Supplied material -
----------------

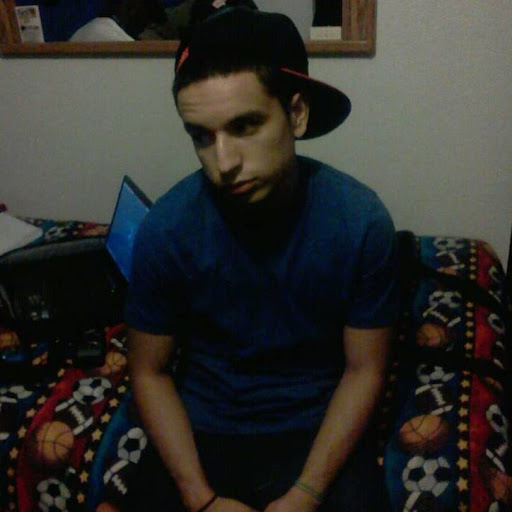 Ramon Gutierrez Photo 13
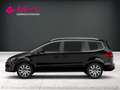 Volkswagen Sharan 2.0  COMFORTLINE (*DKG*STANDHEIZUNG*) Noir - thumbnail 12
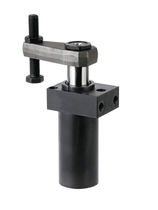 گیره گردان | هیدرولیکی 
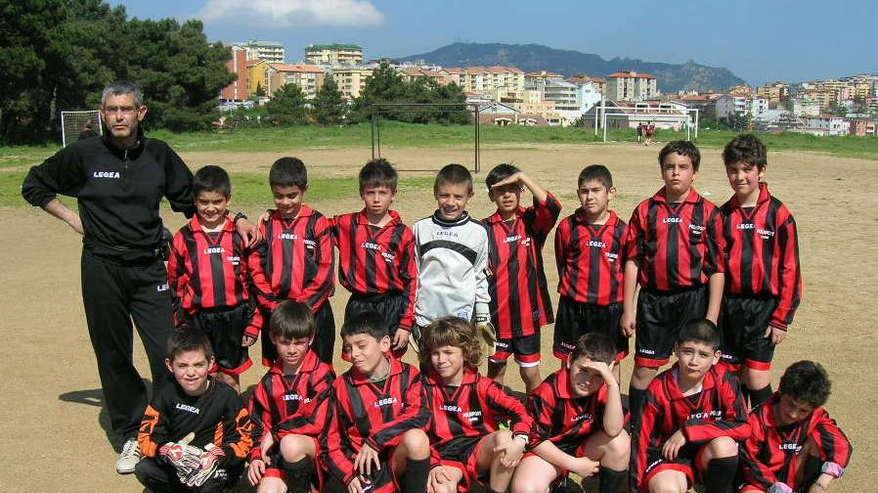 Polisport Nuoro: «Così aiutiamo i giovani calciatori»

----------------

Set down the material above word for word and skip its pictures.

Exercise answer -
 Ramon Gutierrez Photo 13
 Volkswagen Sharan 2.0  COMFORTLINE (*DKG*STANDHEIZUNG*) Noir - thumbnail 12
 گیره گردان | هیدرولیکی 
 Polisport Nuoro: «Così aiutiamo i giovani calciatori»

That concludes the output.